O comportamento da área fiscal neste ano dá uma boa ideia das restrições que se colocam para o cumprimento das promessas de campanha. É verdade que o déficit primário está bem abaixo do registrado no ano passado. Considerando-se o setor público consolidado, que reúne o governo central, Estados, municípios e estatais, o resultado de julho ficou em R$ 3,4 bilhões, o menor para o mês em cinco anos. No caso do governo central, o rombo de julho foi de R$ 7,5 bilhões e o acumulado em sete meses, de R$ 38,9 bilhões, com quedas reais de respectivamente 64% e 51% sobre os períodos correspondentes no ano passado. Tudo caminha, portanto, para se atingir a meta fiscal de 2018, um déficit primário de R$ 159 bilhões. 

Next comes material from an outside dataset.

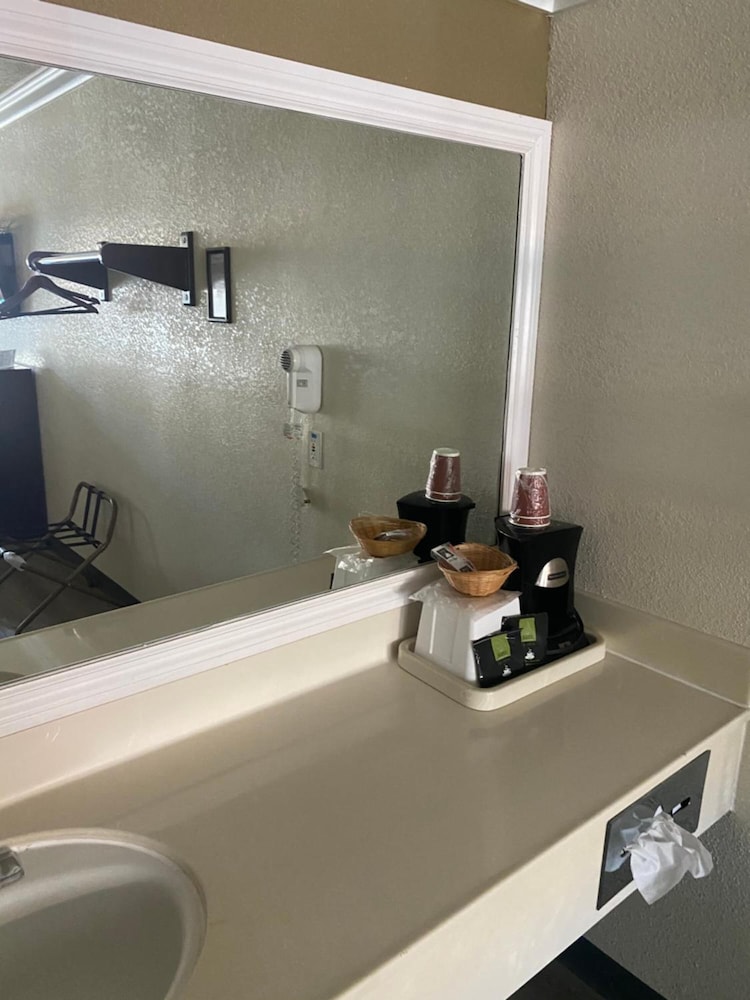 Atascadero Inn - photo 27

É revelador, no entanto, o fato de que esse desempenho tem sido garantido pelo aumento das receitas, que chegou a 7,4% nos sete meses até julho – e, com a atividade econômica na linha “devagar quase parando”, não é prudente contar com a continuidade da trajetória ascendente da arrecadação. Já as despesas do governo central continuam em alta, de quase 2%, em termos reais, também de janeiro a julho. E são as despesas obrigatórias as grandes responsáveis por esse avanço. Nos últimos 12 meses, os gastos previdenciários representaram 47% das receitas líquidas e os gastos com pessoal e encargos, 24%. Uma soma de 71%, exatos 18 pontos acima de 2010. 

Todos esses números comprovam que abrir espaço para ampliar investimentos e, com isso, reforçar o crescimento da economia exige muito mais do que um pente-fino nos gastos não obrigatórios. Portanto, não há chance de se acabar com o déficit público num “vapt-vupt”. É preciso falar com franqueza sobre as mudanças profundas que virão pela frente e sobre quem elas recairão.